The project website, darts-database.com, includes a map of selected locations (eventually more than 100). Each site – including its infrastructure, traffic signs, and other drivers’ behavior – will be recorded multiple times, in different conditions: daytime and nighttime, as well as in different seasons. As Rodak explains, the chosen locations are either problematic for drivers, where accidents frequently occur, or otherwise characteristic of Polish regions.
“With our technology partners, we have built a research vehicle that goes out onto the roads to capture data in these areas. Then the Warsaw University of Technology, our consortium partner, will be responsible for applying annotations – small rectangles marking what type of object is in the recording, whether it is a pedestrian, a car, or a building. Mainly moving objects will be annotated,”
adds Rodak.
Annotation is the process of identifying and labeling each object in a dataset, such as in a video frame. These annotated datasets are critical for training AI models to detect objects, understand the road environment, and make real-time driving decisions. Automated annotation tools, powered by machine learning algorithms, speed up this process by identifying and labeling pedestrians, vehicles, traffic signs, or lane markings. This automation not only accelerates data processing but also improves accuracy and scalability.
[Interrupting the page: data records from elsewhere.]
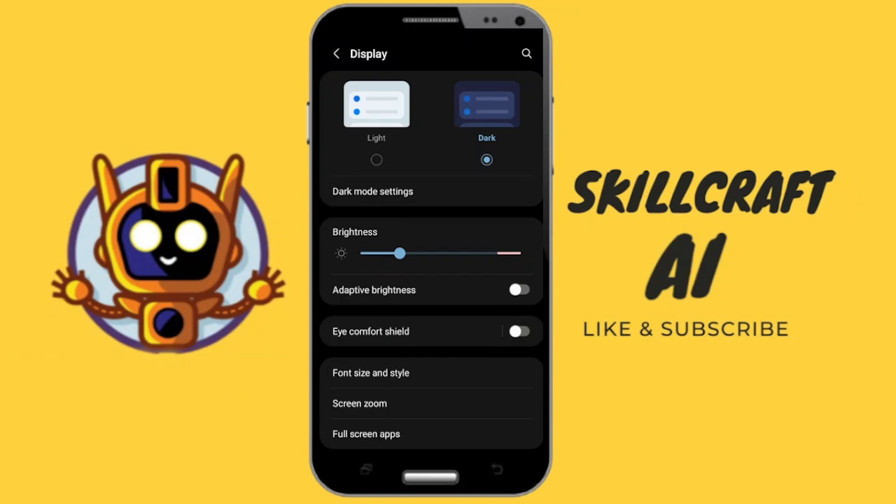You're just going to have to test it out with your device. If Temu does support dark mode, then it will turn dark. Otherwise, there is currently no dark mode within Temu itself, and that's all there is to it.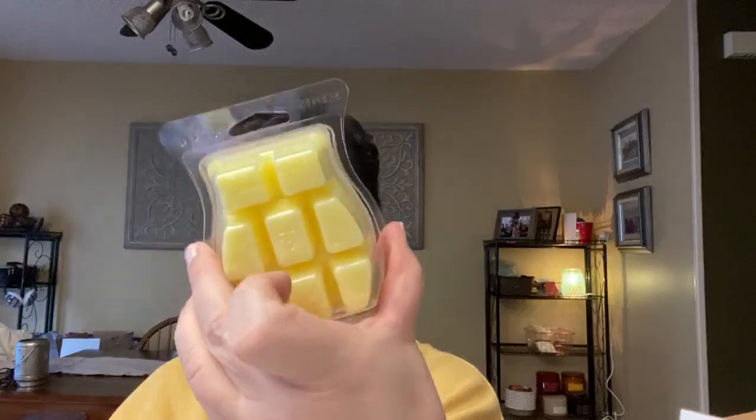Next we have Luscious Lemon. The description is light creamy lemon — nothing else. Oh wow, this is good. I'm going to put this in my Bring Back My Bar order. I love lemon scents. This is exactly a creamy lemon — it's not a cleaner lemon, not a stringent lemon, not lemon and mint. It is a creamy lemon and it is very good. If you're a lemon person, yes to that.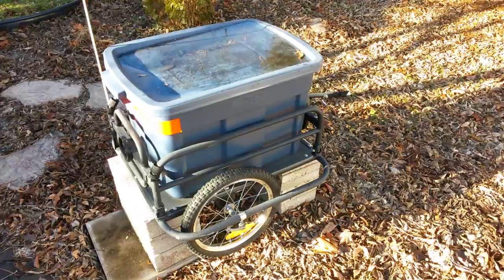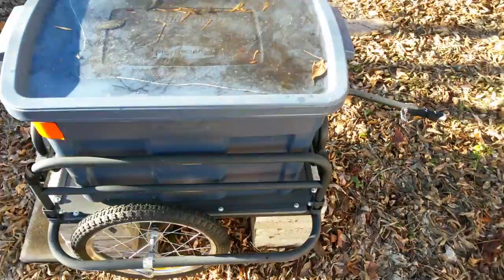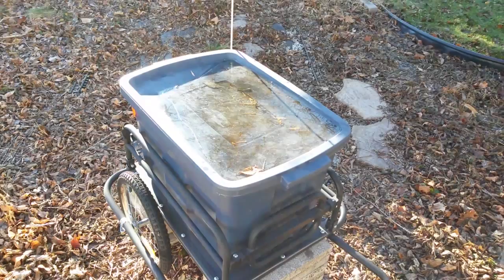What we've done is we put it up on blocks so the wheels are not on the ground. And of course, it builds up water and ice in its top lid, but that's the way it is.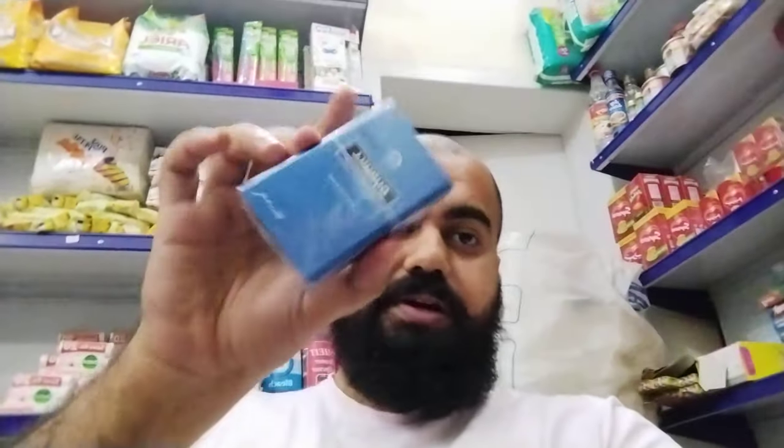First of all, this is Benson — a special filter. And then we have Dunhill Switch, the imported version from outside, not local Pakistan. Then this is Dunhill Light.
The DARTS-PL mobile measurement platform is equipped with advanced sensors, including four LiDARs, seven 360° cameras, six radars, and a thermal imaging camera. Based on these measurements, the database will cover 840 scenarios and approximately 168,000 data frames, featuring 15 types of road users (such as pedestrians, cyclists, and agricultural machinery), over 100 different road signs, 27 types of special events, and a variety of infrastructure (such as railway crossings and all road classes).
“Autonomous vehicles rely on artificial intelligence algorithms – specifically machine learning. To properly design a control algorithm, we need training data,”
explains the ITS expert.
“Testing is extremely important, as it directly impacts the quality, accuracy, behavior, and safety of autonomous vehicles in the future. If the control algorithm is well-trained, with a high-quality training database and correct annotations, the vehicle will correctly recognize all road users and respond appropriately to the conditions.”
According to the project’s creators, the road scenarios will be broadly accessible – both for scientific and commercial use.
“We expect that developers of autonomous driving algorithms will use our database to train their systems, so that vehicles eventually operating on Polish roads will be able to react and adapt to local conditions,”
emphasizes Rodak.
ITS also highlights that AI algorithms require massive amounts of high-quality training data. While there are around 200 public databases worldwide for autonomous vehicles, only 90 are directly applicable to training autonomous driving (AV) systems. Many of them rely on limited sensor setups or low-quality data. For example, algorithms trained on U.S. data may not perform correctly in Europe due to differences in infrastructure and traffic behavior.
“Globally, there are about 200 such databases. Unfortunately, not all are open for commercial or even research use – many are restricted to private companies and developers. We, however, will provide our database on a non-profit basis. Anyone who approaches us will be able to access and test it. We hope that both research institutions and service providers worldwide will reach out to us,”
says Aleksandra Rodak.